Transcript from the "Sigmoid vs. ReLU" Lesson

[00:00:00]

>> Another interesting activation function is ReLU. ReLU stands for Rectified Linear Units. And why it is so interesting? I think I want to spend just two minutes to draw a couple of things for you to actually explain what ReLU is doing and why it is so cool. So on our new diagram, we will be comparing sigmoid versus ReLU, Rectified Linear Units.

[00:00:36] So sigmoids, if you remember it will just take all of those signals and simply transforming it in something between 0 and 1, that's what sigmoid is doing. ReLU is doing something different. So it also takes all this signals, but it will simply, actually, let's use green. It we'll set it to 0 when our signals are equal to 0 and it will return the same value when it's positive.

[00:01:20] So you can think about it that relu mathematically speaking, oops, sorry, rely, relu = max(x, 0). It's mathematically how the ReLU is defined. And the reason why it is so cool, why it is, So fast actually, it's because when our number is negative, it just should return zero, right?

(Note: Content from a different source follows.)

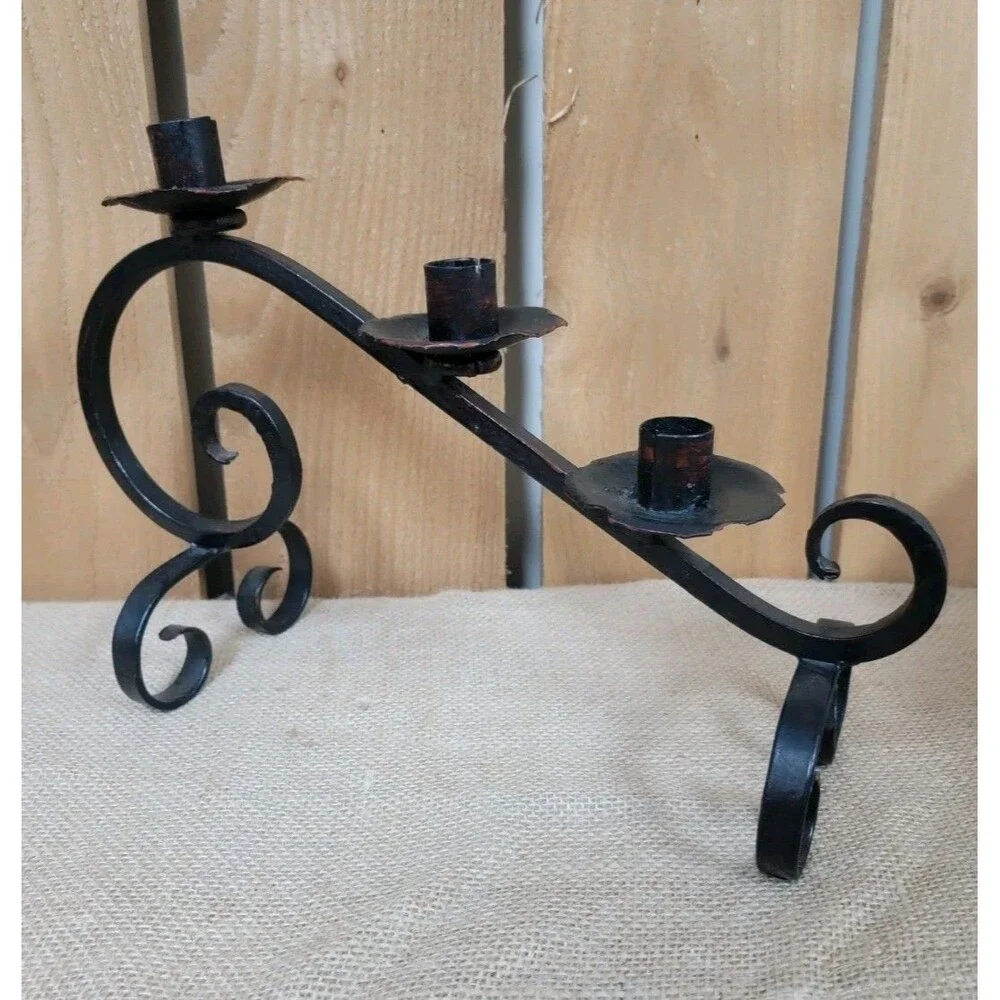 Vintage German Handcrafted Tiered Iron Candlestick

[00:01:55] And when it's positive, it will return the x itself. So for this function to process on the hardware, what we will need to do, we need to check only one beat. What is the sine of our number? And if the sine is negative, we just simply return back 0.

[00:02:11] If it's positive, we return the number itself. At the same time with a signoid, you have exponent sitting aside, so there should be some lookup function right, to find the proper value. So when you have exponents in your functions, it complicates things. So calculating even one value of sigmoid of some x, will probably require several iterations on the CPU and GPU, but with ReLU, you can do it in one tick.

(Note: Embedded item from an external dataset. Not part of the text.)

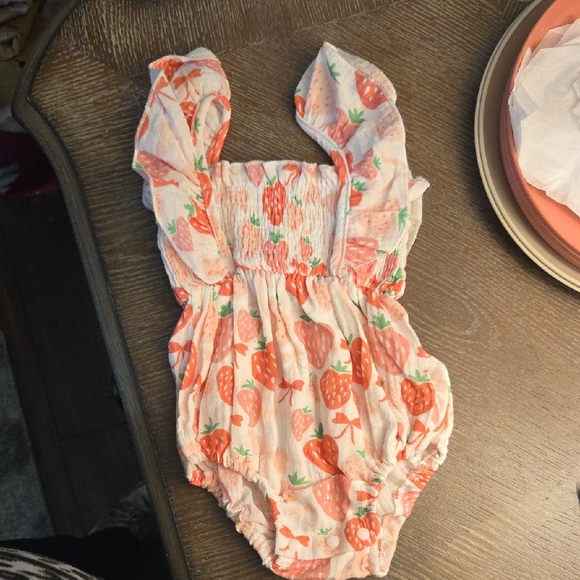 Other - Strawberry Print Baby Romper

[00:02:43] And you can paralyze a lot of things. So that's why ReLU is cool and ReLU have been introduced by Google, guys. And the original idea why sigmoid was introduced first, they were afraid that if we have Redstone signal, and don't limit it to once. The sound might be way too big, right?

[00:03:08] For instance, in this case if we using ReLu it's still the case, but we can overcome it by simply switching to higher flow. Basically, we can instead of using 32 bits, per number like in our 32 bit floats, right? Or four bytes per floating point number. We can switch 64 bits for instance.

[00:03:34] So double precision will allow you to extend the dynamic range of the calculations and therefore you can process significantly larger numbers. And the thing is there are other mechanisms which helps you to regulate and not go to very large values. Now, it's scope for the regularization in machine learning, and basically allows you to, all those weights to adjust depending on the amplitude of the signal not get to those really large numbers.

[00:04:04] But you still get the benefit of this really, really fast calculation of relativity.